Can I Help Her?

My cousin is 37, has used coke since a teenager. I recently visited her, she now lives in the inner city and I believe so to get her fixes more easily. I was horrified when I saw where she lived and the people there. Druggies and losers on every corner but she didn't seemed phased by it at all. Is there anything I can do to help her. I know she is in denial of her problem. What advice would anyone have as to how I would go about confronting and helping her. Thanks
Hi,
There are a number of things you can do....first, you have to do is pray for her, then see if your cousin wants to be in recovery but know this...that a person has to want it before anything happens and this means you have to be clean of all drugs first. It appears that you support your cousin even in her sickness.
Always be there for support and encouragement to stay clean and suggest, because that's all you or anyone can do right now is suggest, attending a NA meeting soon as possible because the sickness of addiction will destroy her, you, the family you both love, and life as you all know it.

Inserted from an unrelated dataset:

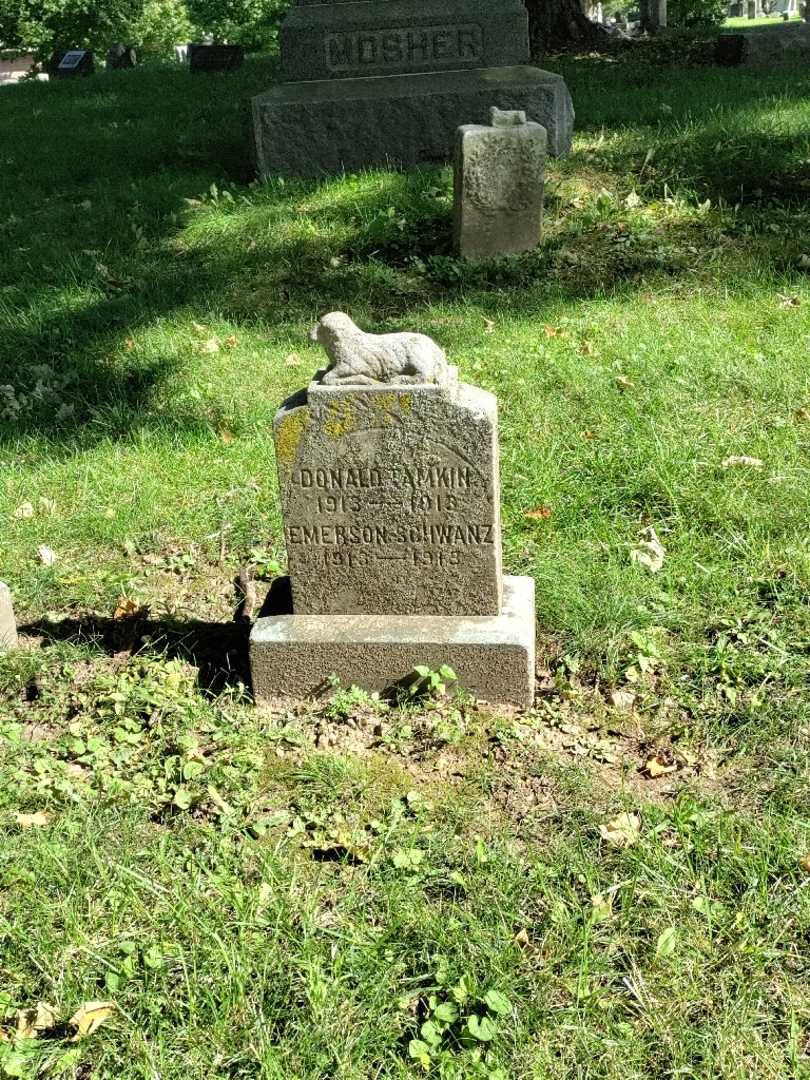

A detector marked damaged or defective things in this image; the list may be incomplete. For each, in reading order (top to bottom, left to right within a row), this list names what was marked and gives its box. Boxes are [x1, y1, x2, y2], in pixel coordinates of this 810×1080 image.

broken gravestone [452, 106, 548, 260]
broken gravestone [249, 308, 532, 704]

Addiction is not her fault, but recovery is her responsibility, not yours.
I have prayed for her and you
May GOD bring you peace
mack88
Thank you for the advice. I'm afraid all I can do is pray for her right now. When I saw her last I asked how often she used and she said once a month (which I know was a lie). She is living with someone who also uses and the stuff is all around her. I don't even feel comfortable going there. She said there is shooting all the time. Do you think it would help if my sister and I invited her on a vacation to get her out of that environment and talk to her. I just keep thinking I should do something instead of nothing. Thanks again.
Friend of an addict'
Your not just doing nothing. Your doing what you can, and that's more than anyone can ask at this time. The enviorment of drugs is always dangerous.
Shooting, stabbings, robbery that's all inclusive with that world.
The concern and love you hold on to, doesn't seem like it's enough right now but it is for a person who can't love herself at this time. Please understand I said CAN"T love herself not won't. The object is for her to realize just how uncomfortable the space she's in right now, and it really is draining your trust in her and your devotion for her. These are things you feel on the inside and It is not a pretty sight.As I told you before she has to want help out of this hell and nothing will work until that time comes.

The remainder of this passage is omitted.